TASK TO CARRY OUT:
From the line containing "Clipart of a" to the line containing "Men's Plaid Hooded" in the records below, set down every line exactly as it stands, both ends included, and skip the pictures.

SOURCE RECORDS:
########################################
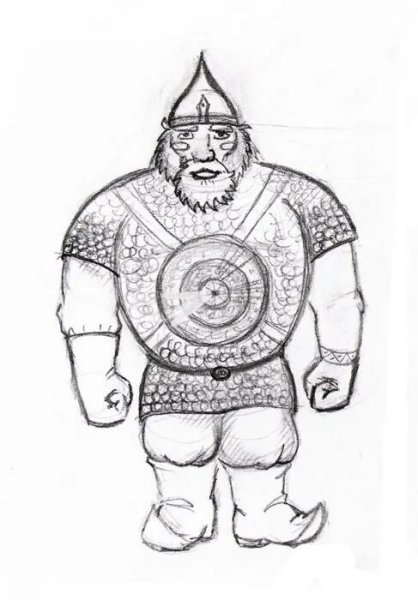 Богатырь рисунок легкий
########################################
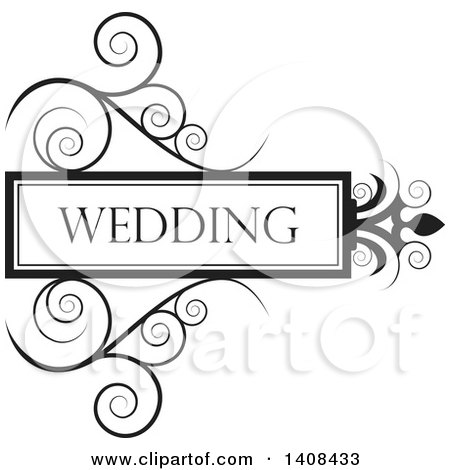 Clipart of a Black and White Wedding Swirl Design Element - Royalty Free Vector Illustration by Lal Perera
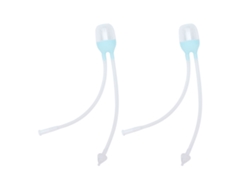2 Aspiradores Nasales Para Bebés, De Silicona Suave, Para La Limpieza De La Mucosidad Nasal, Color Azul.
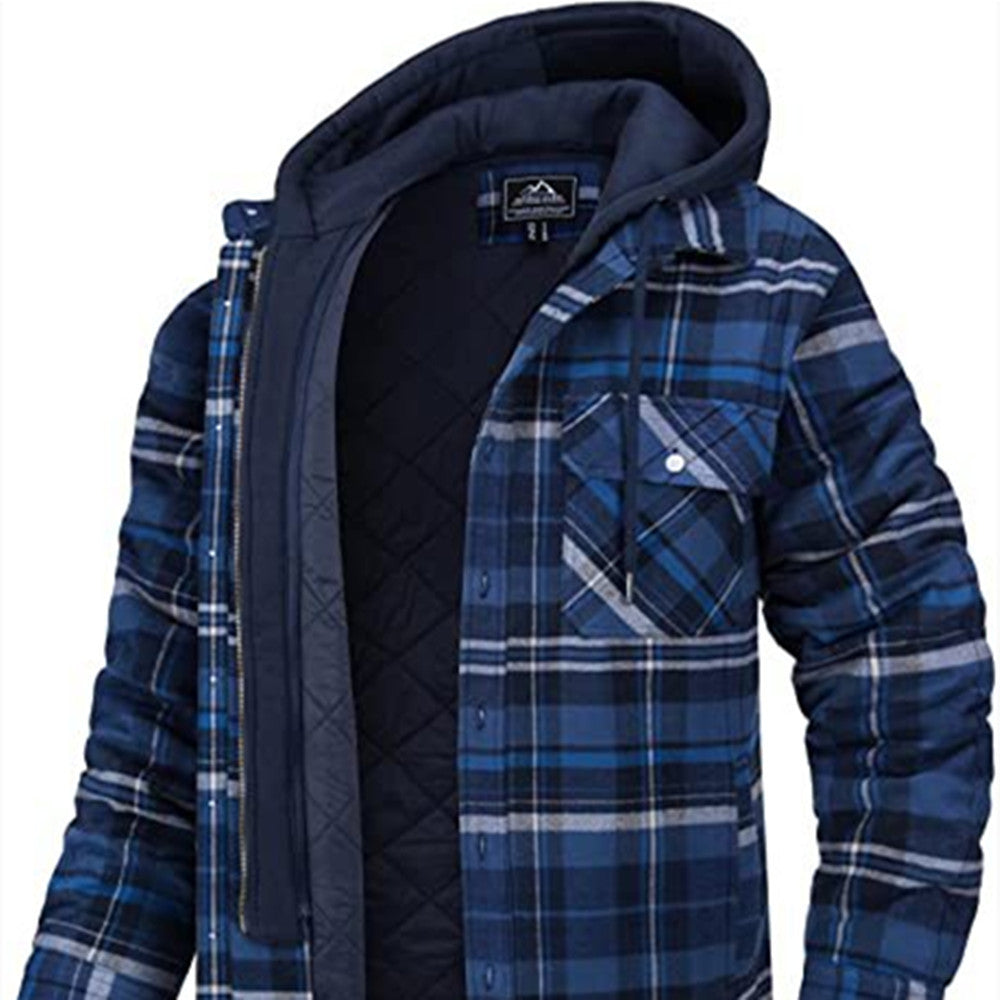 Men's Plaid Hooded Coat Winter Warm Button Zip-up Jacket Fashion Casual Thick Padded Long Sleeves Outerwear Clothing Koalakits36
########################################
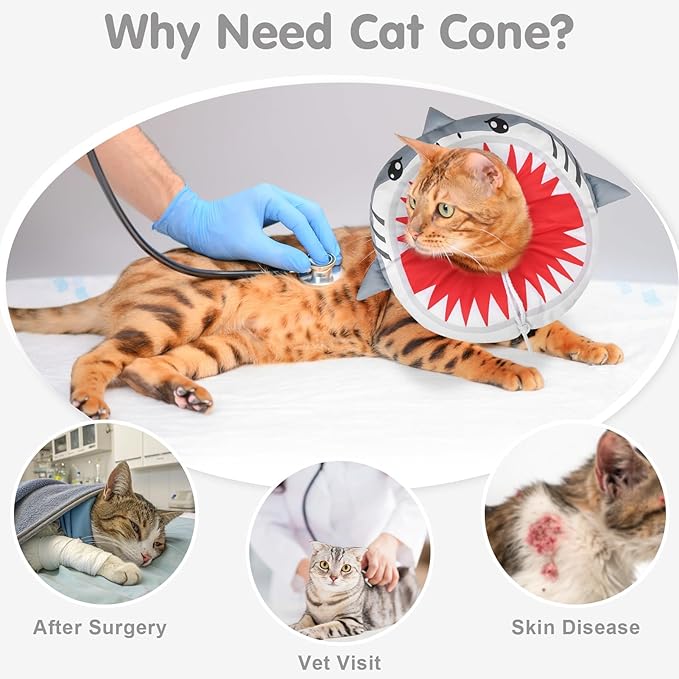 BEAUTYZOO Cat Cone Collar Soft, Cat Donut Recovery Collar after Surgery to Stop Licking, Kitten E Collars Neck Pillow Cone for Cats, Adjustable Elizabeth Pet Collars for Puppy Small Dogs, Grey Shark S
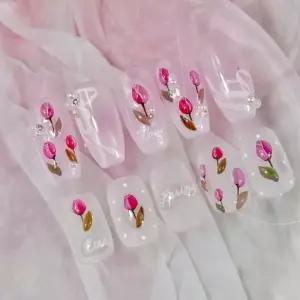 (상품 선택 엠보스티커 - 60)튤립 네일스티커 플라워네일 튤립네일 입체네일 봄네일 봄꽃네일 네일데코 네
########################################
RESULT FOR THIS EXERCISE:
 Clipart of a Black and White Wedding Swirl Design Element - Royalty Free Vector Illustration by Lal Perera
2 Aspiradores Nasales Para Bebés, De Silicona Suave, Para La Limpieza De La Mucosidad Nasal, Color Azul.
 Men's Plaid Hooded Coat Winter Warm Button Zip-up Jacket Fashion Casual Thick Padded Long Sleeves Outerwear Clothing Koalakits36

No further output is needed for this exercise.